The American Petroleum Institute pushed back on the framing. Spokesperson Bethany Williams said “gasoline prices don’t move in lockstep with crude oil, especially during a major global disruption,” pointing to ongoing effects on supply chains, refining capacity, and inventories stemming from the broader conflict.
By the Numbers
The national average gasoline price stood at $3.92 per gallon as of early Wednesday, down from $4.52 one month ago — a drop of nearly 13 percent. Prices fell below $4.00 per gallon last week for the first time since March.
Despite the recent relief, the current average is still 70 cents higher than the $3.22 national average recorded one year ago. U.S. crude closed Tuesday at $73.21 per barrel, compared to $67.02 the day before the United States and Israel launched military operations against Iran in late February — meaning crude remains roughly 25 percent higher than where it began the year.
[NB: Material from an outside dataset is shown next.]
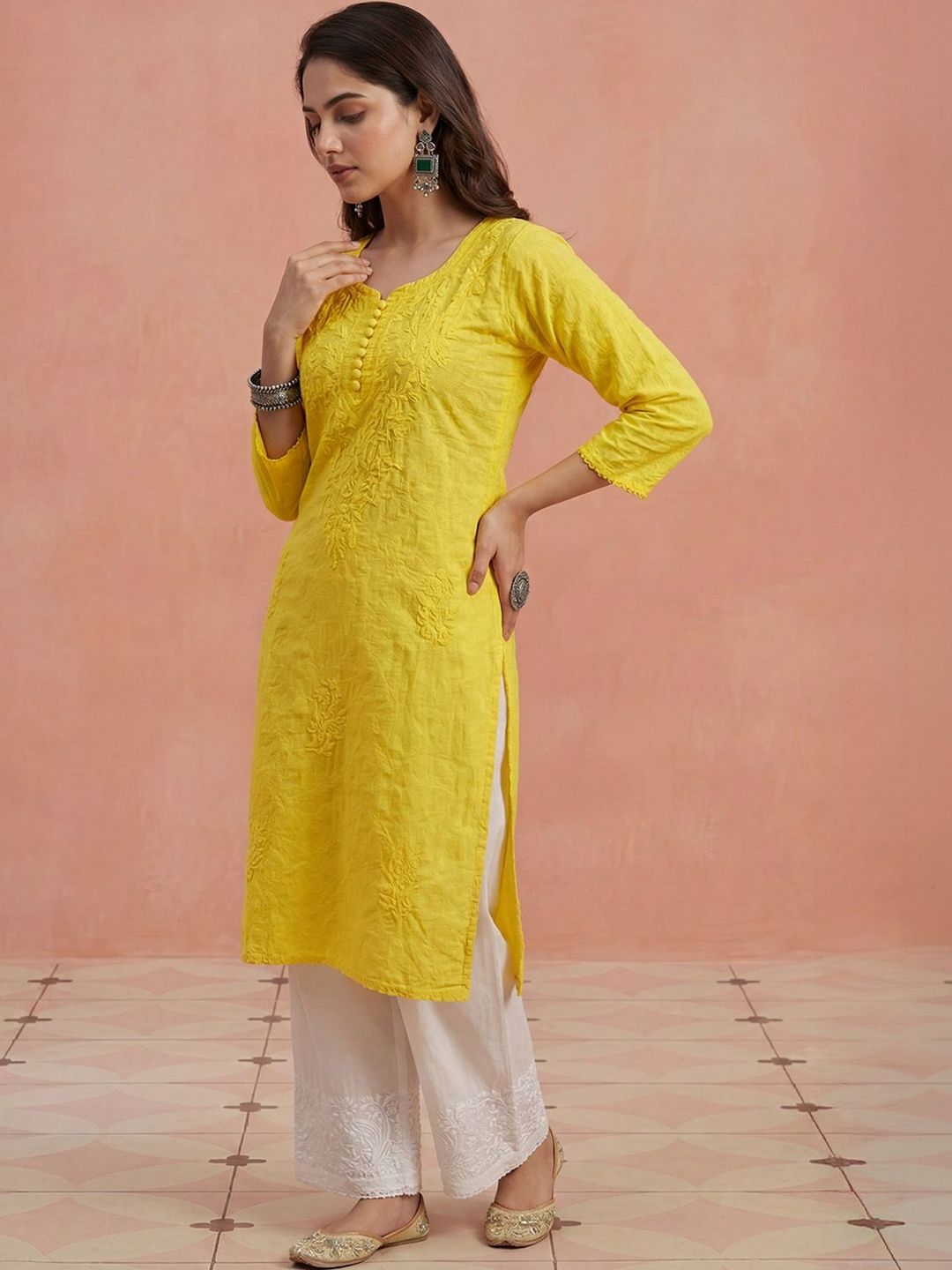 House of Chikankari Women Embroidered Chikankari Kurta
For context, the gap between pump prices and crude prices has translated to a significant added burden for drivers. Estimates suggest monthly fuel costs for a typical driver filling up twice a week have risen from less than $20 to more than $300 compared to pre-conflict baselines.
Zoom Out
The core tension in Trump’s accusation — that refiners and retailers do not immediately pass crude price declines to consumers — reflects a well-documented asymmetry in fuel markets. Economists have long observed that gas prices tend to rise faster when crude goes up than they fall when crude drops, a pattern sometimes called the “rockets and feathers” effect.
The broader market disruption is tied closely to the conflict with Iran. One-fifth of global oil supply moves through the Strait of Hormuz, and traffic through the waterway remains a fraction of pre-war levels, keeping supply pressure elevated even as crude prices have retreated from their post-conflict highs.
The DOJ probe represents an unusual use of antitrust or consumer-protection authority in the energy sector. While presidential administrations have previously investigated gasoline pricing during price spikes — most notably after Hurricane Katrina in 2005 — such investigations have rarely resulted in enforcement actions against major oil companies.
What’s Next
The Justice Department has not publicly confirmed the scope or timeline of any investigation. It remains unclear whether the probe would focus on price-fixing, market manipulation, or a broader inquiry into pricing practices across the refining and retail supply chain. The DOJ has been navigating several high-profile directives from the administration in recent months, and the pace of any formal action could depend on available resources and legal authority.
With the November midterms on the horizon, the administration faces continued pressure to demonstrate progress on consumer costs. Whether a DOJ investigation produces tangible results or serves primarily as a political signal to voters frustrated by elevated prices will likely become clearer in the coming weeks.